*Given data:*
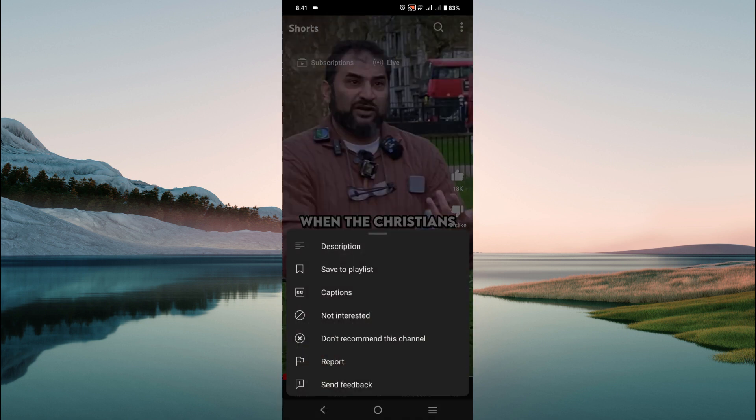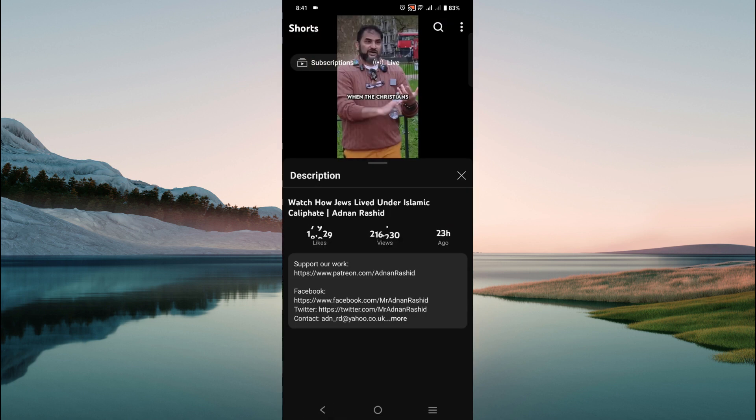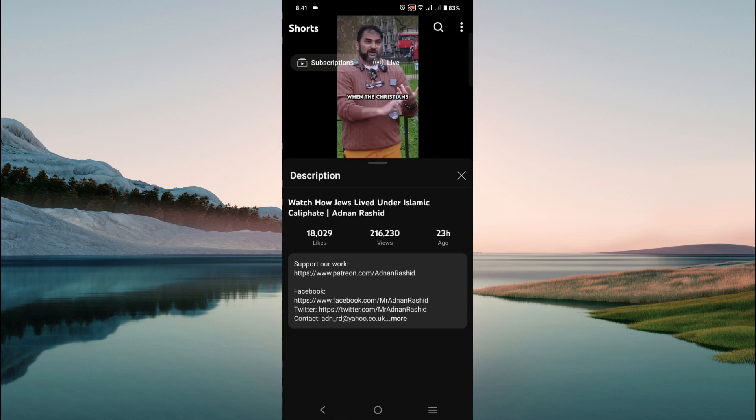Here you can see the option 'Description' — click that option. And now this is the description of the video, and you can easily see it. So this is the video, I hope this is a helpful video for you.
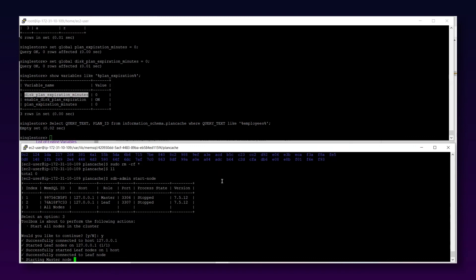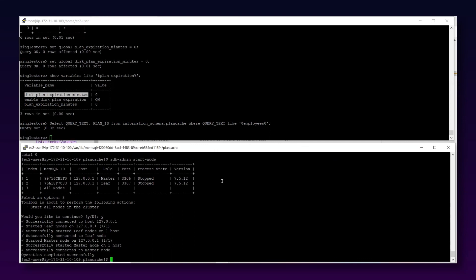We need to be clear that dropping the plan cache comes at a cost. Once all plans are dropped, incoming queries must be recompiled, which means they will be slower initially. Whenever planning to clear the whole plan cache, bear in mind this performance impact. That's it for this video — I hope you enjoyed it and learned about plan cache in SingleStore. Thanks for watching.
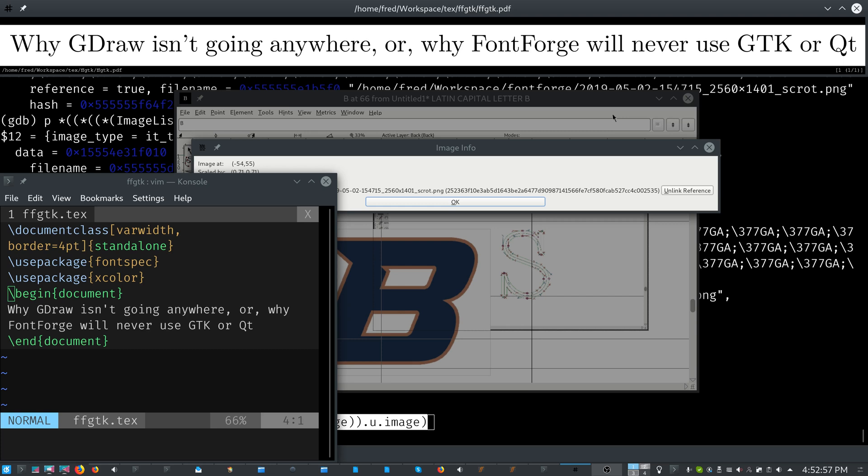But I don't see the main FontForge functions moving to GTK or QT anytime soon. And if it does happen, we're still going to be using GDraw on top of that unless in the next, in that time, some AI just comes up that just takes away all us programmers and our kind of work and does the programming for us. Because that's really what you would need to rewrite the entire FontForge project.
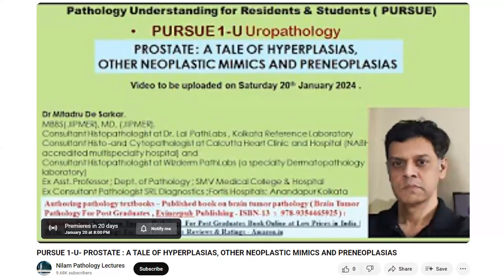The next one coming up soon — it hasn't been aired yet — is basically focusing on the various kinds of non-neoplastic pathologies you get to see in the prostate. That's very important to know about, because unless you know the normal benign pathologies in the prostate, you cannot really go ahead and with full confidence make a diagnosis of malignancy. It's a complicated topic because there are quite a few prostatic pathologies which actually mimic adenocarcinomas of various types, and that's important to know before analyzing prostatic carcinomas.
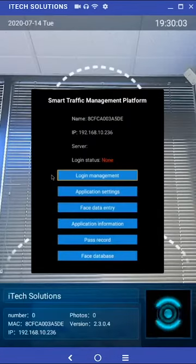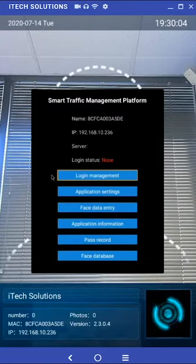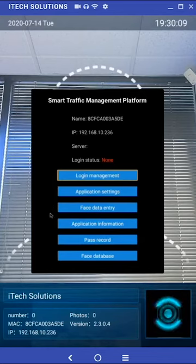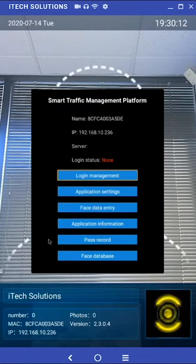This brings up a submenu with the following options: login management, application settings, face data entry, application information, pass record, and face database.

*Work request:* Could you return the whole listing exactly, with every picture removed?

*Response to the exercise:*
Here you can see the option 'Description' — click that option. And now this is the description of the video, and you can easily see it. So this is the video, I hope this is a helpful video for you.
We need to be clear that dropping the plan cache comes at a cost. Once all plans are dropped, incoming queries must be recompiled, which means they will be slower initially. Whenever planning to clear the whole plan cache, bear in mind this performance impact. That's it for this video — I hope you enjoyed it and learned about plan cache in SingleStore. Thanks for watching.
But I don't see the main FontForge functions moving to GTK or QT anytime soon. And if it does happen, we're still going to be using GDraw on top of that unless in the next, in that time, some AI just comes up that just takes away all us programmers and our kind of work and does the programming for us. Because that's really what you would need to rewrite the entire FontForge project.
The next one coming up soon — it hasn't been aired yet — is basically focusing on the various kinds of non-neoplastic pathologies you get to see in the prostate. That's very important to know about, because unless you know the normal benign pathologies in the prostate, you cannot really go ahead and with full confidence make a diagnosis of malignancy. It's a complicated topic because there are quite a few prostatic pathologies which actually mimic adenocarcinomas of various types, and that's important to know before analyzing prostatic carcinomas.
This brings up a submenu with the following options: login management, application settings, face data entry, application information, pass record, and face database.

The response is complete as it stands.